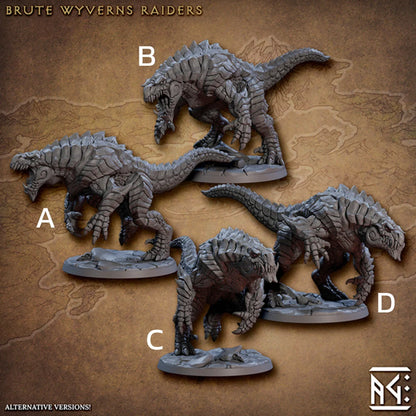Frostheart Lizardmen Set 45 (Artisan Guild)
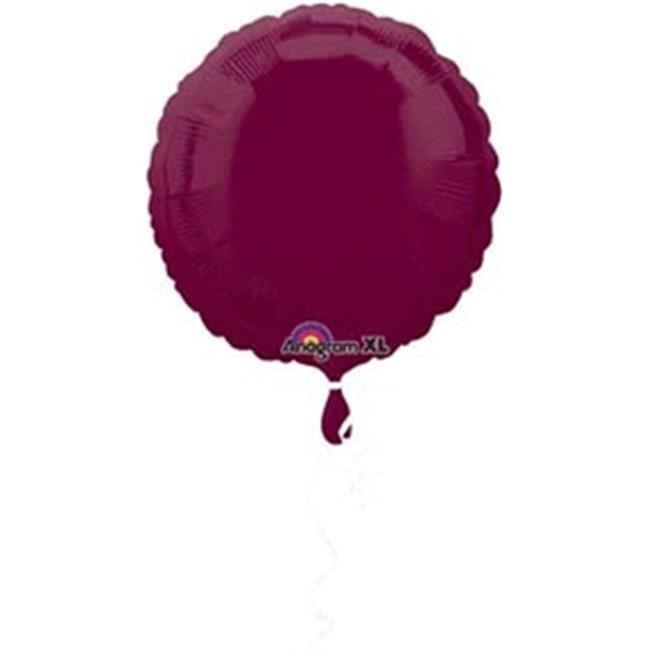 G009 18" Berry Round Balloon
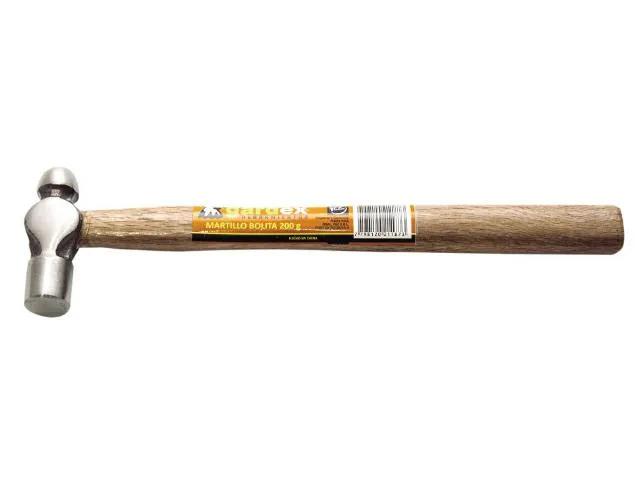 (GP) MARTILLO GARDEX 400GS BOLITA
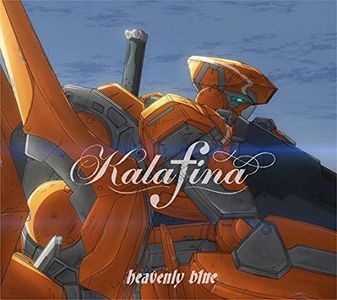 Kalafina - Aldnoah.Zero OP - heavenly blue (Limited Edition) [MP3]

_REQUIRED WORK_
Only the pictures are dropped. Otherwise, write out the listing exactly.

_WRITTEN REPLY_
Frostheart Lizardmen Set 45 (Artisan Guild)
 G009 18" Berry Round Balloon
 (GP) MARTILLO GARDEX 400GS BOLITA
 Kalafina - Aldnoah.Zero OP - heavenly blue (Limited Edition) [MP3]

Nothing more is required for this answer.